Top of RECORDS SHOWN

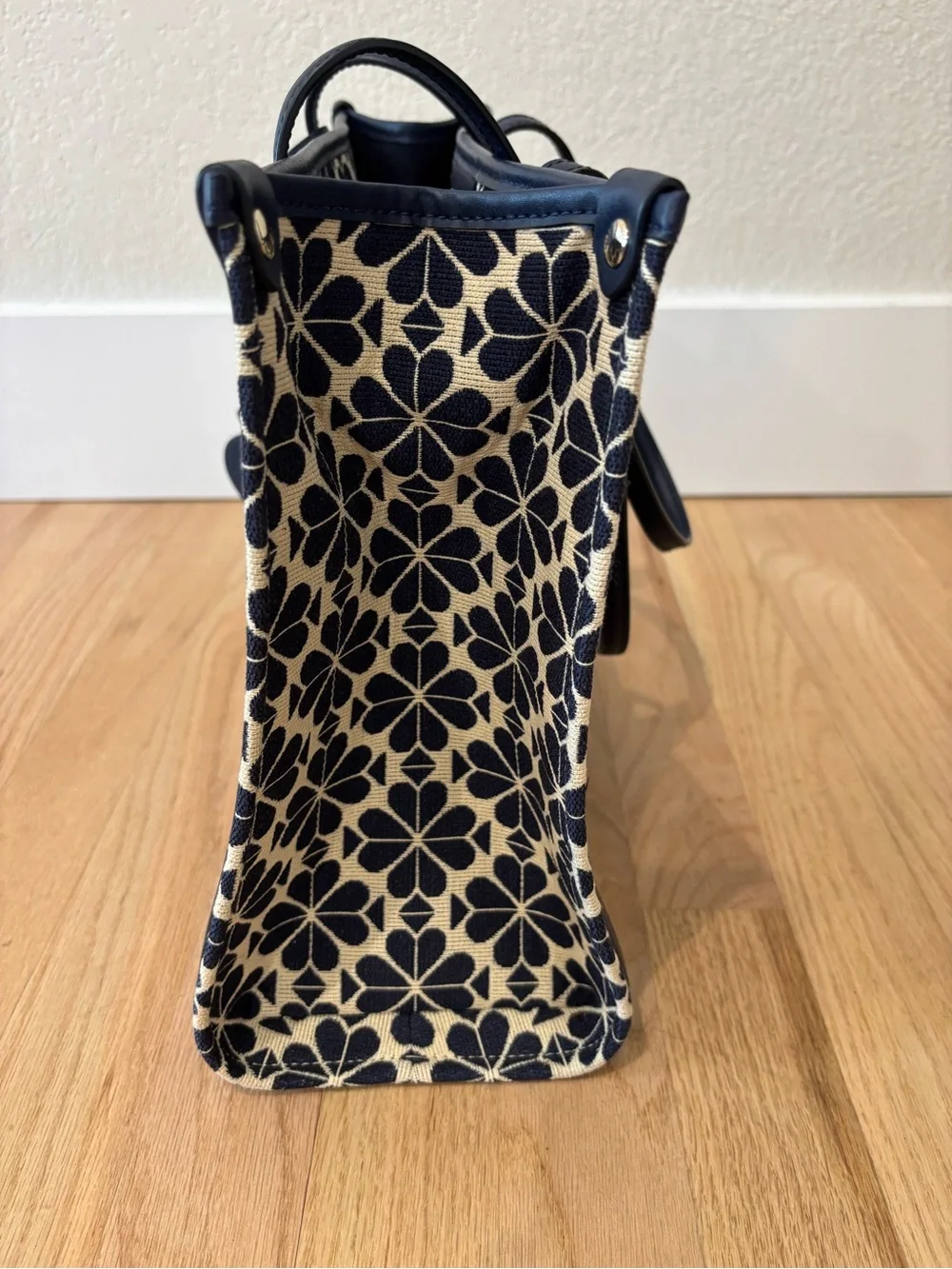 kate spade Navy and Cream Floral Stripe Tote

Bottom of RECORDS SHOWN
Top of RECORDS SHOWN

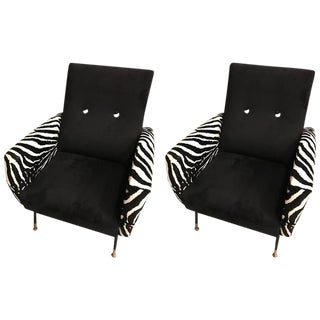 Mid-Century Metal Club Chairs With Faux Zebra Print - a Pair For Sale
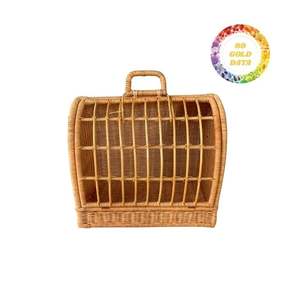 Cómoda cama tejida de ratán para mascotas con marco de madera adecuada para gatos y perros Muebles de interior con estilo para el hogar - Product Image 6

Bottom of RECORDS SHOWN

Look above for the line with "Mid-Century Metal Club" and the line with "Cómoda cama tejida", then restate exactly those two lines and all lines between them, with no pictures.

 Mid-Century Metal Club Chairs With Faux Zebra Print - a Pair For Sale
 Cómoda cama tejida de ratán para mascotas con marco de madera adecuada para gatos y perros Muebles de interior con estilo para el hogar - Product Image 6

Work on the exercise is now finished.